BEGIN DATA FOR THE TASK
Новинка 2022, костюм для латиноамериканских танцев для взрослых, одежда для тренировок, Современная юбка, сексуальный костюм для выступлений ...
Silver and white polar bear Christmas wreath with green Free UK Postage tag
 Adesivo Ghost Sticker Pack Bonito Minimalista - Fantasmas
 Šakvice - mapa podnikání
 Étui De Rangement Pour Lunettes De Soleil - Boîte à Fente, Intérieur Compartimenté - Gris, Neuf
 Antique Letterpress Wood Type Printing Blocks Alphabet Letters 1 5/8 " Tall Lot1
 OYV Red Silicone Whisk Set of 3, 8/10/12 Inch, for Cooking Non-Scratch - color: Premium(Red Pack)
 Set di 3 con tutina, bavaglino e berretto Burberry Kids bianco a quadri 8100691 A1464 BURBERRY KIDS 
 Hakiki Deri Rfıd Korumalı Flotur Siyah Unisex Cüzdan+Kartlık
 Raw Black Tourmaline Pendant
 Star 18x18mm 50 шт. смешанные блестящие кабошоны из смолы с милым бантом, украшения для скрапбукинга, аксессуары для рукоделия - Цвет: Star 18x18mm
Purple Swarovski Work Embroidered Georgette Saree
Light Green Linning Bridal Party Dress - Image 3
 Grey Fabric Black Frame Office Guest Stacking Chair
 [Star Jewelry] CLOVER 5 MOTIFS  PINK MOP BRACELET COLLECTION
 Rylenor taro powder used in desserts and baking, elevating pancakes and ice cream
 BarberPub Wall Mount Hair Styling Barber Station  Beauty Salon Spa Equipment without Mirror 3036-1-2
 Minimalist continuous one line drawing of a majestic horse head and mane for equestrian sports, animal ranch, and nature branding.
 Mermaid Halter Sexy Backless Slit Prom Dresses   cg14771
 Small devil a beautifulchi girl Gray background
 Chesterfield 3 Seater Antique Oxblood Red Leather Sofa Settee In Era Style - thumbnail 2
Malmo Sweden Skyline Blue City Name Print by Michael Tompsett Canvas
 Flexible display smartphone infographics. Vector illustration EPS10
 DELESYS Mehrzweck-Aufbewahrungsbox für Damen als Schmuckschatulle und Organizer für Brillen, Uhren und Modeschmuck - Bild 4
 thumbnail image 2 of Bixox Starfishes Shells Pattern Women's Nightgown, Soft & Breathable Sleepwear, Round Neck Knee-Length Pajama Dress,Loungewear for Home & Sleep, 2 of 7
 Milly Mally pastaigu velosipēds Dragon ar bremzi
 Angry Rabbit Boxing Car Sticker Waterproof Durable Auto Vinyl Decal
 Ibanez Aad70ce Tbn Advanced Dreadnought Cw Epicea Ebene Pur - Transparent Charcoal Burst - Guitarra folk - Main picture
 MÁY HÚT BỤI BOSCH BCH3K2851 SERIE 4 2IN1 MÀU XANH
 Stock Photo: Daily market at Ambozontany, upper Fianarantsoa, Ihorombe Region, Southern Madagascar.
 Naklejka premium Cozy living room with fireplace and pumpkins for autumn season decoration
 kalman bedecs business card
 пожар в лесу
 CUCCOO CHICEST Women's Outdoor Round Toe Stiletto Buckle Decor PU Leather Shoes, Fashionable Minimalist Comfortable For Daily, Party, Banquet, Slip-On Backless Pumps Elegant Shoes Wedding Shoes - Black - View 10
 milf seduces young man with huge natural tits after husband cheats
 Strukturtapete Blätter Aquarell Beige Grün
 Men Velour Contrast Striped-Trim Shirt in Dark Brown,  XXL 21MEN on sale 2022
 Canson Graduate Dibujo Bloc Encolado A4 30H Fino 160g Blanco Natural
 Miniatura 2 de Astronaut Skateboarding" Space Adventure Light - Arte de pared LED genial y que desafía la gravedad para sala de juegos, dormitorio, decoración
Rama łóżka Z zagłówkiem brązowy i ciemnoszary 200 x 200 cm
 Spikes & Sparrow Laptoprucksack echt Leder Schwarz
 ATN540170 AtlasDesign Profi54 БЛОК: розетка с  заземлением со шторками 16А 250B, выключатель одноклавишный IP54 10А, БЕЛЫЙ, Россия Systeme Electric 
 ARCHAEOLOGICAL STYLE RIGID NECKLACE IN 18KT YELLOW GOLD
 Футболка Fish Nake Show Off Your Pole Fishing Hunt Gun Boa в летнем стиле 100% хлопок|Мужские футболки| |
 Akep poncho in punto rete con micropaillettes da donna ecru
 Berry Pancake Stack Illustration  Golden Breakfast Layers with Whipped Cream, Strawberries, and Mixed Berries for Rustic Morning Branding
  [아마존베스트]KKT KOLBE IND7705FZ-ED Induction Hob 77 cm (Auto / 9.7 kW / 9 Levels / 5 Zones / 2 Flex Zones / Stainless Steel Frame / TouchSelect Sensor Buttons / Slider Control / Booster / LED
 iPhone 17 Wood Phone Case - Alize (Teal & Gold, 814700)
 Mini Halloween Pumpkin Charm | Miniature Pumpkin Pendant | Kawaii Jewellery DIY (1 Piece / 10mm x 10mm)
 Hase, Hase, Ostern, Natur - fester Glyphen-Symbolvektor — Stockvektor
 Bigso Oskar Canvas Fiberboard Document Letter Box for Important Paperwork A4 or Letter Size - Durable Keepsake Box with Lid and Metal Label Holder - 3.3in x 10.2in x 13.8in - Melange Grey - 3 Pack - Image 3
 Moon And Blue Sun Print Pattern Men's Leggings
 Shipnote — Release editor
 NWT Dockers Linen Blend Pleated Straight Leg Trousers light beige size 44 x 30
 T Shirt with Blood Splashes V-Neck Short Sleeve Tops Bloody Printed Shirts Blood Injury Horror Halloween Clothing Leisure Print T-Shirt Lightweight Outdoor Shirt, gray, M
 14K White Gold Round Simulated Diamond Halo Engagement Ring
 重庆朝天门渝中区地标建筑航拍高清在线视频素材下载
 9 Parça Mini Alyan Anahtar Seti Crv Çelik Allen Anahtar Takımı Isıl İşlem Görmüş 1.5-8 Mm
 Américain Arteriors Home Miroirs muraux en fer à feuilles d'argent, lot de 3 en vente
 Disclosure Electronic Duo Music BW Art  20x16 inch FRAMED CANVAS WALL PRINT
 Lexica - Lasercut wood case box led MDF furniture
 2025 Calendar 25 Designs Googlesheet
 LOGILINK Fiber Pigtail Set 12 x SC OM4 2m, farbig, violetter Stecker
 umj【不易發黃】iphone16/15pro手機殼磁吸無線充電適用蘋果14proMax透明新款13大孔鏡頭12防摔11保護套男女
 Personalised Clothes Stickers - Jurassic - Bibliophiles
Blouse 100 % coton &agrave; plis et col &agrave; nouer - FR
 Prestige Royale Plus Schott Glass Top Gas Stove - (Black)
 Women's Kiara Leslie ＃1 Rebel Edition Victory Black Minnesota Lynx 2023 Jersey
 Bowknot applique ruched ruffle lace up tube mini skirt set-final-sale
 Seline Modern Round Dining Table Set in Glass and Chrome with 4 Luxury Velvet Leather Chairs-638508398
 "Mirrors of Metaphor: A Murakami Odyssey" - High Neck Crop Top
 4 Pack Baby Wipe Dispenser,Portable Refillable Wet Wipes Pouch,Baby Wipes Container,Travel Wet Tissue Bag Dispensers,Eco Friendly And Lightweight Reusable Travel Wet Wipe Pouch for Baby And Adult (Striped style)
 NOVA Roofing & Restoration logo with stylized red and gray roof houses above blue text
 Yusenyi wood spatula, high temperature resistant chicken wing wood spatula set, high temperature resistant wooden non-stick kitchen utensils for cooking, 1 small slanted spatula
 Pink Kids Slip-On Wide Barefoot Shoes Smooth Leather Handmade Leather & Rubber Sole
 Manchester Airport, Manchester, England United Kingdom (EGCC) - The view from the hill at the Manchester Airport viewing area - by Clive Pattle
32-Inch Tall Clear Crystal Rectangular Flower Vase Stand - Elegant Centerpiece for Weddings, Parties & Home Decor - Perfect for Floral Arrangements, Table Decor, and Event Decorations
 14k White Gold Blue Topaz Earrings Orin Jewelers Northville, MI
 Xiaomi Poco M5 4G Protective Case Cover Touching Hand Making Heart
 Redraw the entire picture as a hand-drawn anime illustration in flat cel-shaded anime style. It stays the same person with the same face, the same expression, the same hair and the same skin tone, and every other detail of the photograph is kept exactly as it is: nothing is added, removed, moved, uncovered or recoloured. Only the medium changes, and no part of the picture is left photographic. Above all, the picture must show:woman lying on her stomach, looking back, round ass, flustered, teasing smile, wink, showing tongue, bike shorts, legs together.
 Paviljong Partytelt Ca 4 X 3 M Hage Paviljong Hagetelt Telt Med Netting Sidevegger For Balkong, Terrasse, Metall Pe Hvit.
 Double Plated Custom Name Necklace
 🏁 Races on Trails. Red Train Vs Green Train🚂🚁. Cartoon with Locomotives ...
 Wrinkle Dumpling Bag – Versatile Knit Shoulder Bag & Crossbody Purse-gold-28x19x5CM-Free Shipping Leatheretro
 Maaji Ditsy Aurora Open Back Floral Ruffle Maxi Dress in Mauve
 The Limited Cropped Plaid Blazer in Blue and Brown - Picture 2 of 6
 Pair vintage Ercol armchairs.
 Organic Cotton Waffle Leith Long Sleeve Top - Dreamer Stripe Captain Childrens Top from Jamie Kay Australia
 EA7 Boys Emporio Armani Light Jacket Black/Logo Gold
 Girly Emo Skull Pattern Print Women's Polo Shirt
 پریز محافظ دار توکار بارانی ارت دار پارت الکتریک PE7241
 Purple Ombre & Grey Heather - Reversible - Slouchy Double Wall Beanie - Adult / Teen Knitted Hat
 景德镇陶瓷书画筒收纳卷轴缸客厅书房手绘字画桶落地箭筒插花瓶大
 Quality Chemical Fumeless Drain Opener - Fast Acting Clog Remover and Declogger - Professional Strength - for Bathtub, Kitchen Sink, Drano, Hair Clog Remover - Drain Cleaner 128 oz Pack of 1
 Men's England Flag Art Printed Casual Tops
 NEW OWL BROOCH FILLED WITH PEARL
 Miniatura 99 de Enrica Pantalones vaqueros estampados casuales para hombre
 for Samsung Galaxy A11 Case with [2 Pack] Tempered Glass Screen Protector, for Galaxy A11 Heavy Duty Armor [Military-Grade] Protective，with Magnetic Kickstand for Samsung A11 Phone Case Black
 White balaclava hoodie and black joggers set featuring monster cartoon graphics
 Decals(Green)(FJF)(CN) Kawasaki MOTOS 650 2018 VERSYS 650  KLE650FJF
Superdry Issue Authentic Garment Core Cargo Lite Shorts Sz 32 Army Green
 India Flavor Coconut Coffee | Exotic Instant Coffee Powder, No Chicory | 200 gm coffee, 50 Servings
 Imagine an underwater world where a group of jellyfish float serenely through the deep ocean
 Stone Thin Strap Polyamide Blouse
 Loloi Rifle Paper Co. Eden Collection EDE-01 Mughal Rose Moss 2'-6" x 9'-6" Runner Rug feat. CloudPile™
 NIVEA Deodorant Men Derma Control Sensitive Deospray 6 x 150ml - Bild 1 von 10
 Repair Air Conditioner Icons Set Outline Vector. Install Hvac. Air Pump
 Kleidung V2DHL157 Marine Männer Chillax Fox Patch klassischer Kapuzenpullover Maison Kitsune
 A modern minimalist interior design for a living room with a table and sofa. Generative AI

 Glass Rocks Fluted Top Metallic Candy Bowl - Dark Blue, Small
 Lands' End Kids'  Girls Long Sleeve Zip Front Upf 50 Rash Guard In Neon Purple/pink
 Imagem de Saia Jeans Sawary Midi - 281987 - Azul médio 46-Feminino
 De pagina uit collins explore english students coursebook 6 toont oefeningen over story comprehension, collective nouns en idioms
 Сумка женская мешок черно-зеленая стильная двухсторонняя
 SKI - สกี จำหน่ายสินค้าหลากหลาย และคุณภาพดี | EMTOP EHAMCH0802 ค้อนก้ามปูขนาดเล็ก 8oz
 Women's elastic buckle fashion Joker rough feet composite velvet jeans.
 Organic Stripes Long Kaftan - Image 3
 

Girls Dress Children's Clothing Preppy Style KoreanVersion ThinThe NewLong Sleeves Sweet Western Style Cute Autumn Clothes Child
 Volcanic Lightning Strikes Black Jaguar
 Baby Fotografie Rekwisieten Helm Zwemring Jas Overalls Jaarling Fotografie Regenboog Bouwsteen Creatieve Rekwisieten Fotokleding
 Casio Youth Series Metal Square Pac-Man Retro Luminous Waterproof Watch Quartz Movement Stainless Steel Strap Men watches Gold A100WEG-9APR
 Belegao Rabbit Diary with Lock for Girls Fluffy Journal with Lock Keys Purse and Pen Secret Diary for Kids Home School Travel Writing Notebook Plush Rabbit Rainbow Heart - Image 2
END DATA FOR THE TASK
PROBLEM DESCRIPTION:
Return, line for line and unchanged, the data from its first line through the line containing "[Star Jewelry] CLOVER".

SOLUTION TO THIS EXERCISE:
Новинка 2022, костюм для латиноамериканских танцев для взрослых, одежда для тренировок, Современная юбка, сексуальный костюм для выступлений ...
Silver and white polar bear Christmas wreath with green Free UK Postage tag
 Adesivo Ghost Sticker Pack Bonito Minimalista - Fantasmas
 Šakvice - mapa podnikání
 Étui De Rangement Pour Lunettes De Soleil - Boîte à Fente, Intérieur Compartimenté - Gris, Neuf
 Antique Letterpress Wood Type Printing Blocks Alphabet Letters 1 5/8 " Tall Lot1
 OYV Red Silicone Whisk Set of 3, 8/10/12 Inch, for Cooking Non-Scratch - color: Premium(Red Pack)
 Set di 3 con tutina, bavaglino e berretto Burberry Kids bianco a quadri 8100691 A1464 BURBERRY KIDS 
 Hakiki Deri Rfıd Korumalı Flotur Siyah Unisex Cüzdan+Kartlık
 Raw Black Tourmaline Pendant
 Star 18x18mm 50 шт. смешанные блестящие кабошоны из смолы с милым бантом, украшения для скрапбукинга, аксессуары для рукоделия - Цвет: Star 18x18mm
Purple Swarovski Work Embroidered Georgette Saree
Light Green Linning Bridal Party Dress - Image 3
 Grey Fabric Black Frame Office Guest Stacking Chair
 [Star Jewelry] CLOVER 5 MOTIFS  PINK MOP BRACELET COLLECTION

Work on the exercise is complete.